(Entries supplied):
————

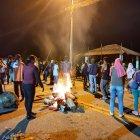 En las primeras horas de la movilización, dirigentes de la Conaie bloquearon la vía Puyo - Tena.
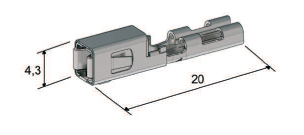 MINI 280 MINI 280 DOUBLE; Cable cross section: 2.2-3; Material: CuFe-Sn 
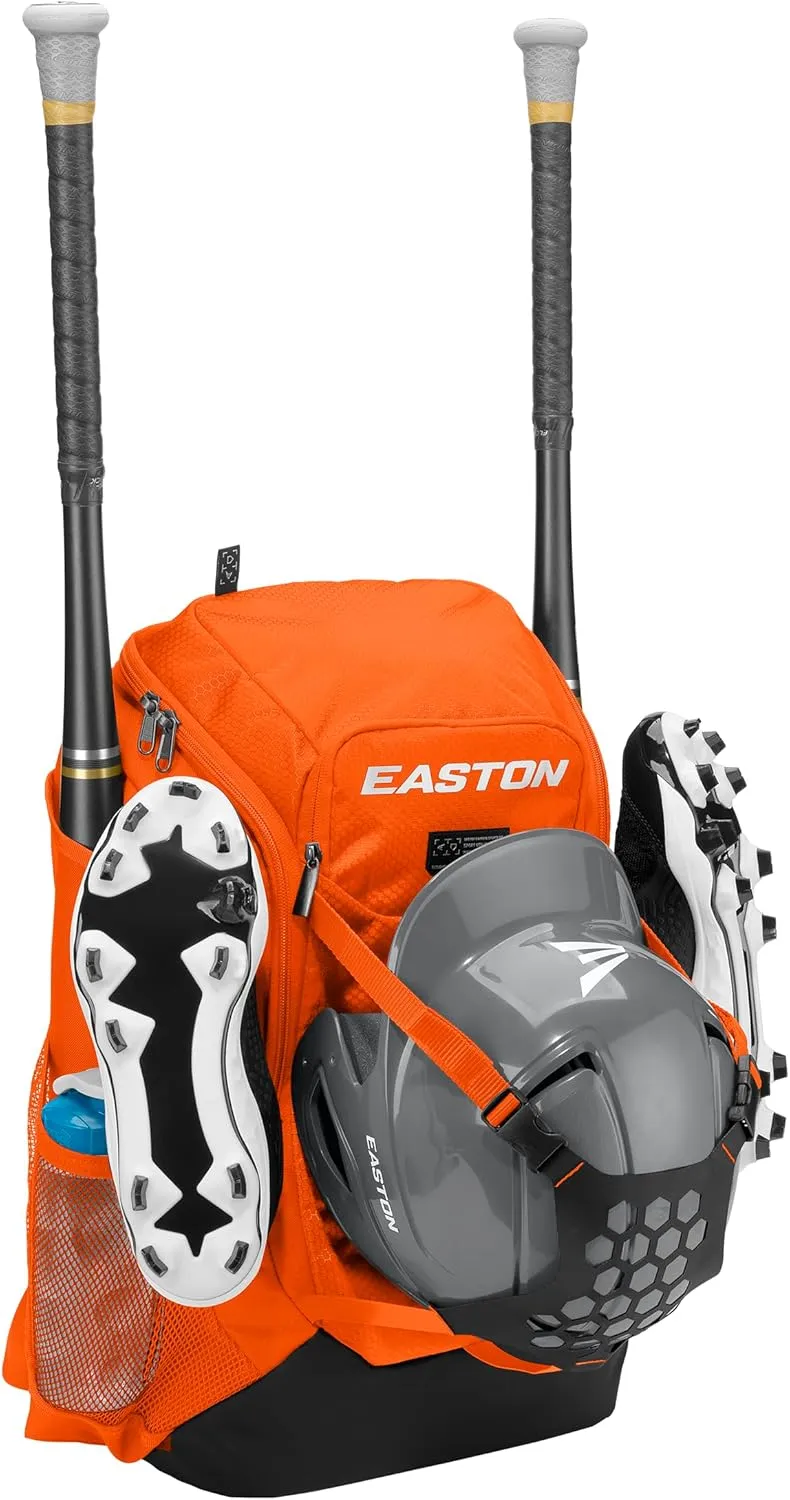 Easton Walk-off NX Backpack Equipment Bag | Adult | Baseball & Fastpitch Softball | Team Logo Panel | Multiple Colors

————

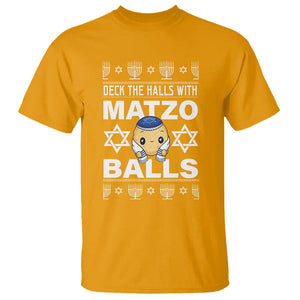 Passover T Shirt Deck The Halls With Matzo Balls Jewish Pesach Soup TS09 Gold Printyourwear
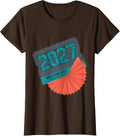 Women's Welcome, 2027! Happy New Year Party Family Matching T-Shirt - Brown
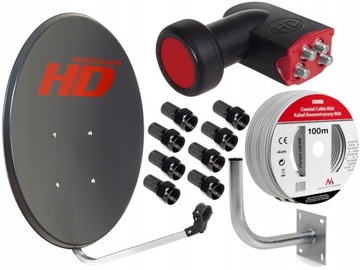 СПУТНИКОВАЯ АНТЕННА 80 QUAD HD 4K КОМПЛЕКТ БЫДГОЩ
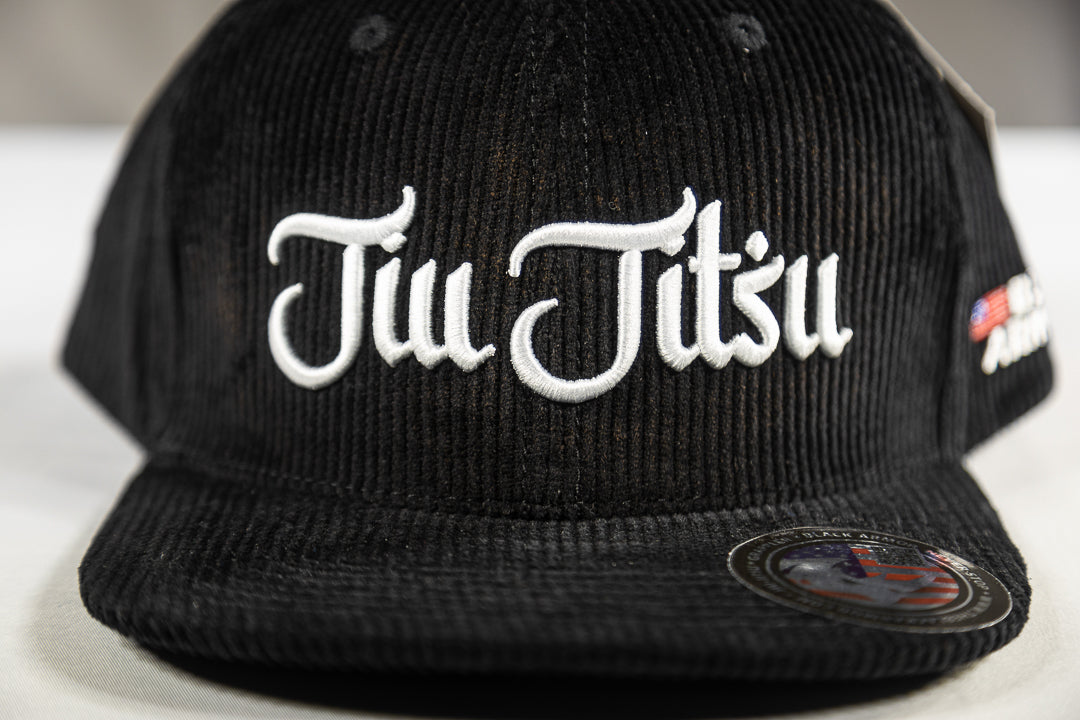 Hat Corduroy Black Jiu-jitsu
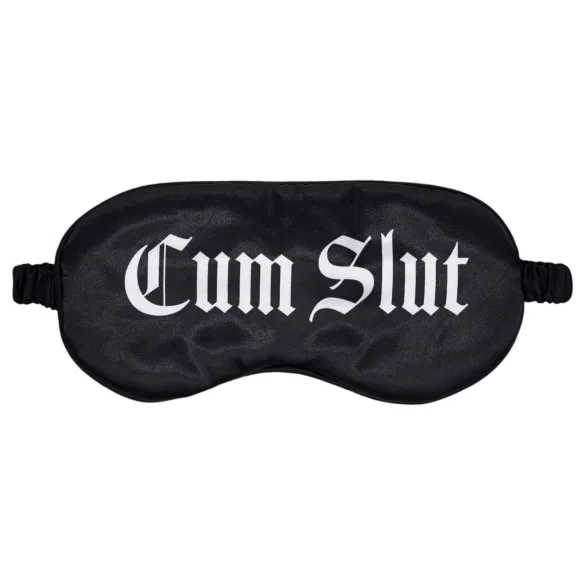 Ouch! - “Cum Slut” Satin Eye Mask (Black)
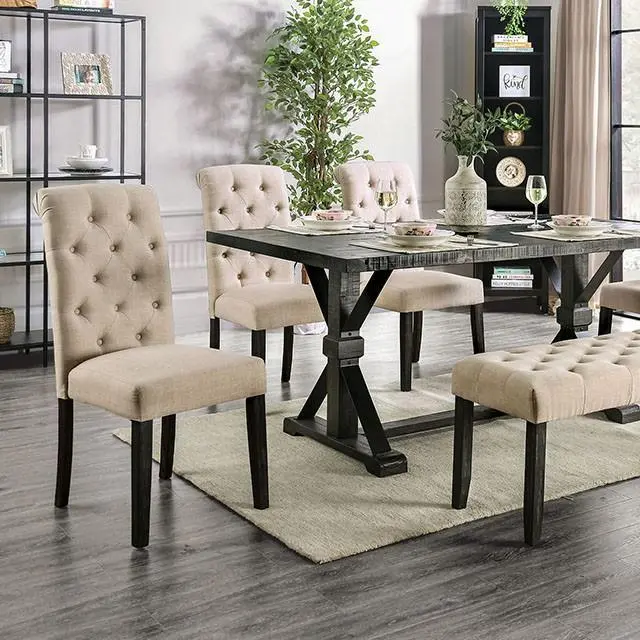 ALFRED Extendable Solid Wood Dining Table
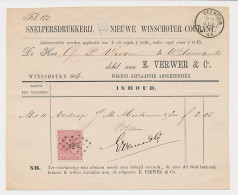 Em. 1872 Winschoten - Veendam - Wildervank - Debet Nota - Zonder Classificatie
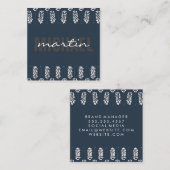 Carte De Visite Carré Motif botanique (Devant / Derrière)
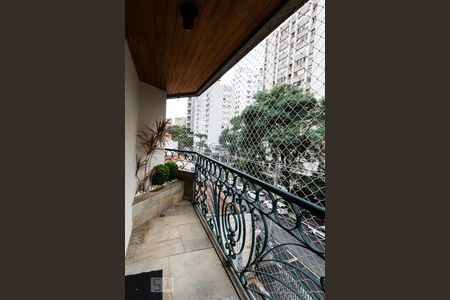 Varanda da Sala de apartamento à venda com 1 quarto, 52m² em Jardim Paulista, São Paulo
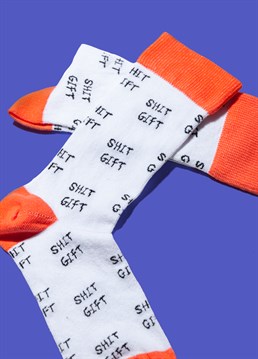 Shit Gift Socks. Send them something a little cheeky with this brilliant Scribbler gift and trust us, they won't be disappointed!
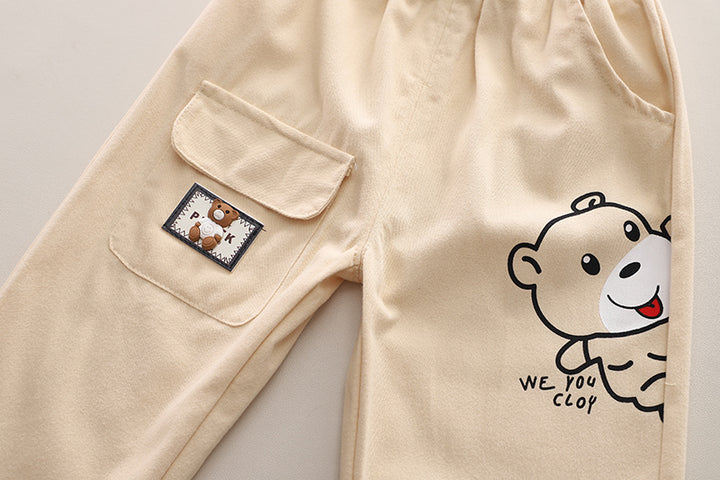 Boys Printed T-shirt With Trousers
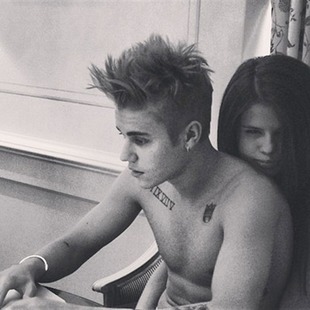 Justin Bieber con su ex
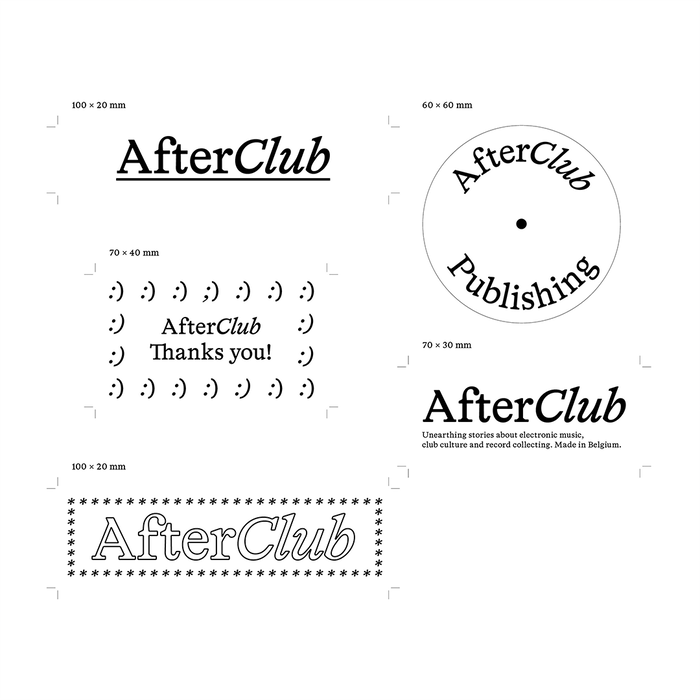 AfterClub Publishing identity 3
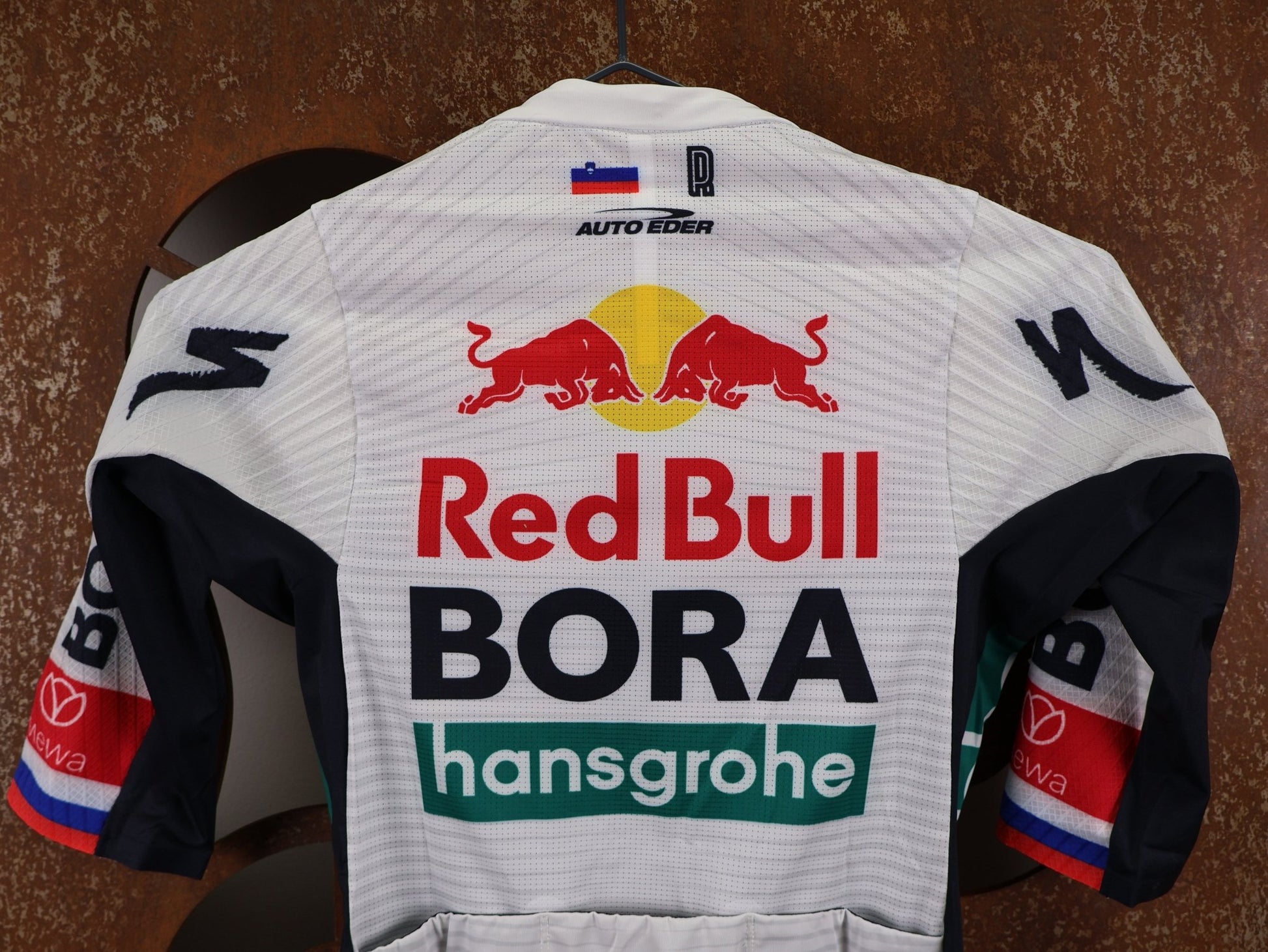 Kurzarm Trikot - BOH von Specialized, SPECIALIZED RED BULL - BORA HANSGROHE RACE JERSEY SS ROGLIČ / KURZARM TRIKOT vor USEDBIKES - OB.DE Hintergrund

————

(What to do): The lines to copy exactly start with the line above that has "En las primeras" and go on through the line that has "Easton Walk-off NX"; please include both, add nothing else, and omit the pictures.

(Solved exercise):
 En las primeras horas de la movilización, dirigentes de la Conaie bloquearon la vía Puyo - Tena.
 MINI 280 MINI 280 DOUBLE; Cable cross section: 2.2-3; Material: CuFe-Sn 
 Easton Walk-off NX Backpack Equipment Bag | Adult | Baseball & Fastpitch Softball | Team Logo Panel | Multiple Colors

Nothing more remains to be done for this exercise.